Passados mais de quarenta anos de "A Estética da Fome" [Glauber
Rocha/1965] vimos o cinema brasileiro entrar em ascensão, decadência,
letargia, retomada e agora num acomodamento em torno das leis de incentivo e
editais. O nosso Cinema [como forma artística de expressão] resiste
na obra de um ou outro realizador, com a atividade se concentrando [seguindo
a lógica do Mercado] nos centros urbanos de maior atividade econômica
e financeira.
Não se trata de solicitar status, deixar registrado ou exigir reconhecimento
da existência de obras cinematográficas em todo o Brasil. Não
existe [e nem há necessidade de existir] quem ou o quê possa dar
ciência sobre essa questão. Filmes de ficção e documentários
são atualmente ocupação de espectadores, críticos,
técnicos e artistas por todo o país. Os avanços na tecnologia
[com o conseqüente barateamento nos custos de produção] é
uma das principais causas da proliferação do cinema no Brasil.
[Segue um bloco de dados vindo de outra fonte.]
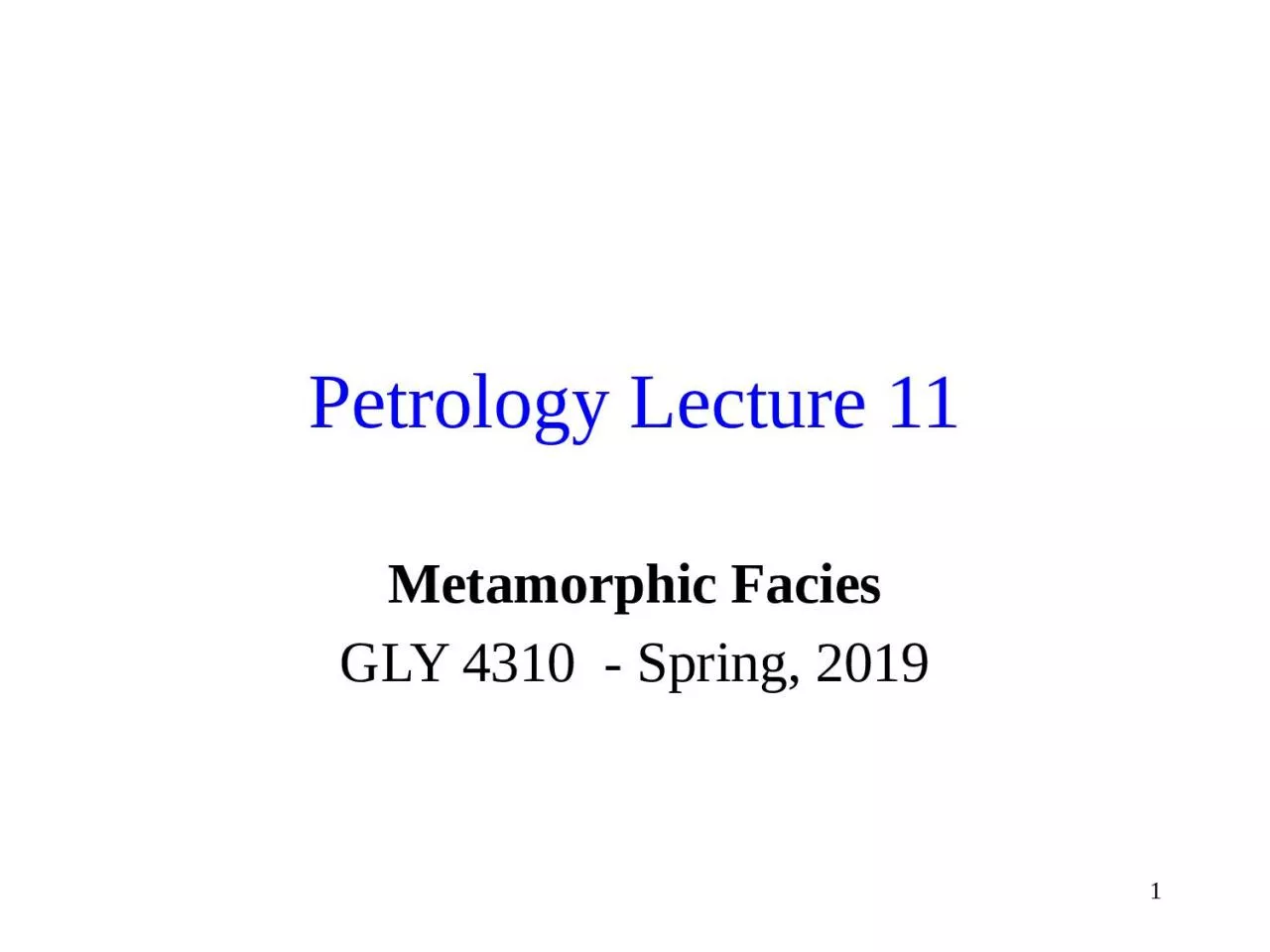 PPT-1 Petrology Lecture 11 Metamorphic Facies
Entretanto, nossos filmes de vitrine quando não imitam tentam fugir da
gramática cinematográfica das Metrópoles. Não conseguiram,
não conseguem e não vão conseguir. A caneta que usam tem
a cor definida, o papel desenvolvido, os movimentos dos membros educados sob
as receitas, as conexões neurolingüísticas engendradas e
o sorriso de lerda satisfação filial intima[da]mente ligados às
Metrópoles.
O nó não está na herança/filiação
eurocêntrica, nem em Hollywood. Está sempre na imitação,
em seguir as estradas criativas desenvolvidas sob características que
não refletem a nossa organização social. O resultado: obras
acéfalas ambientadas em estereótipos de favelas, sertões,
guetos, ruas e diálogos, lugares e situações que de tão
inverossímeis e risíveis passam do ponto do ridículo.
Não se trata de ruptura, mas de continuidade. Não há necessidade
de reinventar o Cinema em cada filme. Os elementos constitutivos de uma orquestração
cinematográfica estão dispostos, em desenvolvimento contínuo
e cada vez mais à disposição daqueles que tenham a ousadia
de trilhar esse caminho. Continuidade no sentido de dar seguimento na utilização
dessas ferramentas: conceituais, estéticas e materiais.
Evidente que toda criação não parta do zero, mas a partir
de conceitos e determinações histórico-pessoais de quem
lança a proposta da realização do filme. Os sujeitos que
o realizam estão marcados por motivações impregnadas de
valores aos quais podem dar continuidade reafirmando ou contestando-os. Continuar
no sentido de seguir em frente, de construir a estrada e indicar um novo caminho
e não retornar ao começo da jornada. E uma vez com as mãos
na ferramenta, faz-se necessário que se as use.
A idéia de realizar um filme independente do grupo que chamo de "independente/dependente"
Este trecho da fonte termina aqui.